It's truly hard to believe we are coming up on another year.

Mom you were the most important person in our world.

I cannot remember a day that goes by where I don't look up and tell you that I love you and miss you so much.

To say you were the glue that held our world together would be a understatement.

I love you and miss you more and more every day . The strength and courage you had to only do what best for and your kids was like a super power.

I wish I could of had more time with you to share your thoughts and feelings about what it takes to make every thing work.

Mom I miss you and love you so much
See you soon

Love

James

May 8, 2016

Happy Mothers Day

You are truly missed I cant believe its been 5 years already.

I know its hard to explain how much you meant to me and our family.

I love you and think about you everyday you truly were the BEST.

I love you and miss you

James

James Myhre

April 7, 2016

Dear Mom,

As your birthday rolled around again the day was empty.
I always looked forward to this day because I know we would get a chance to spend time together.
There is a true empty on April / 5, that no matter what is going on I just can not get it together.
As I know you are looking down on all of us hoping that everything works out for all of us.
I cant help to think of all the sacrifice you made your whole life to keep us together as a family.
I wish I had you strength for me its just not the same without you in my corner.
The love I have for you will never fade.
Thank you for all you did the kind and loving mom your were and a true strong woman.
I love you

James

james

March 10, 2016

Hi Mom,

I woke up this morning knowing this day is one of my darkest.
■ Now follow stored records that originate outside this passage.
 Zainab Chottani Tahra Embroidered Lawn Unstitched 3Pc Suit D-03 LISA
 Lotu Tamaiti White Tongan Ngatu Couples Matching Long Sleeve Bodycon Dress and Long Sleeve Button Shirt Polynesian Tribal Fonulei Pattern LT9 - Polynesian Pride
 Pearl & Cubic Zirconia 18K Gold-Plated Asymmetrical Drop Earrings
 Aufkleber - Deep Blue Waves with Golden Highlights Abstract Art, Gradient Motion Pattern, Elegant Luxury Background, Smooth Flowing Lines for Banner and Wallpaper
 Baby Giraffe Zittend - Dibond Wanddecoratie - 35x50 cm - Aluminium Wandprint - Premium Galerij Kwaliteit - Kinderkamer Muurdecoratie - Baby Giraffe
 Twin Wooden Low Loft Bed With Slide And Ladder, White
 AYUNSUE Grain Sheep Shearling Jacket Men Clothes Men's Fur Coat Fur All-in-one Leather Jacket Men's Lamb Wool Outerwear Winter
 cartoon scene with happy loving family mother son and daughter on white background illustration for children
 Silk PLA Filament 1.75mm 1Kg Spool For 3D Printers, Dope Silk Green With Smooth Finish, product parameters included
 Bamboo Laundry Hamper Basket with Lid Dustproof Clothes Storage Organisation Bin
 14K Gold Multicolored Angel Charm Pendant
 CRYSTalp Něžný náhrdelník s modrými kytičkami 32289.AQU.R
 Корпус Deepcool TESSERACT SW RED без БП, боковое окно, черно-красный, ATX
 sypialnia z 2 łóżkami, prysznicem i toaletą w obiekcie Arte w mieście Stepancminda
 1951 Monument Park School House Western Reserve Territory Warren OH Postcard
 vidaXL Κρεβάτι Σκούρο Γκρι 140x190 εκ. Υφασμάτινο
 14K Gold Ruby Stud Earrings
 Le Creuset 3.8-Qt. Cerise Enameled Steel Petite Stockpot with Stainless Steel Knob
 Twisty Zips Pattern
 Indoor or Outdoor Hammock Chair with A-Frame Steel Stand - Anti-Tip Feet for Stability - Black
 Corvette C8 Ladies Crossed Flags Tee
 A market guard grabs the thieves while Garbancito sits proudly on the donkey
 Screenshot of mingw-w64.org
The fact of 5 years already passing by have not made anything easier.

I truly miss you and love you I am trying my best to keep things together but things are not exactly working out.

LOVE YOU
James

Bonnie lee Myhre

November 28, 2015

Brad Myhre

November 28, 2015

Hi mom , I've met the most amazing woman and after 5 months we were married c I felt you there and I know you are happy for me . I've never thought I would be so blessed . I'm changed. My life and we are buying a home together . in b,c she is so sweet and loving I think about u and miss u I will make a great life with Bonnie and are two boys .

James

March 15, 2014

Hi Mom,
It has been another year gone by since you passed away.
I miss you so much it was suppose to get a bit better as time goes by but the pain of you not being here has not changed.
I know you are watching over us Robert and Brad are both in Calgary and seem to be doing better.
I have had a chance to check in with Justin and Andrew, you would so proud of they Tamara did a outstanding job.
Now your great grandsons my grand kids and more than a hand full for Kendra but she reminds of you so much in how she is keeping everything together.
Sarah is back enrolled in school and has a plan of what direction she wants to go.
Their is not a moment in time that's goes by when I don't think of you and miss you. I love and miss you so much.

December 24, 2013

Hi Mom,
Its Christmas time again and it has not been the same without here. I know we are to move forward and things are as we have been told get easier. But I still am not their yet and I am loosing hope I will ever. You were the glue with the rope of love that kept our family together through out all the hard time. I am gathering all your son's yes my brothers over for Christmas dinner this year I know you would of loved that. To see us all in one room enjoying a dinner.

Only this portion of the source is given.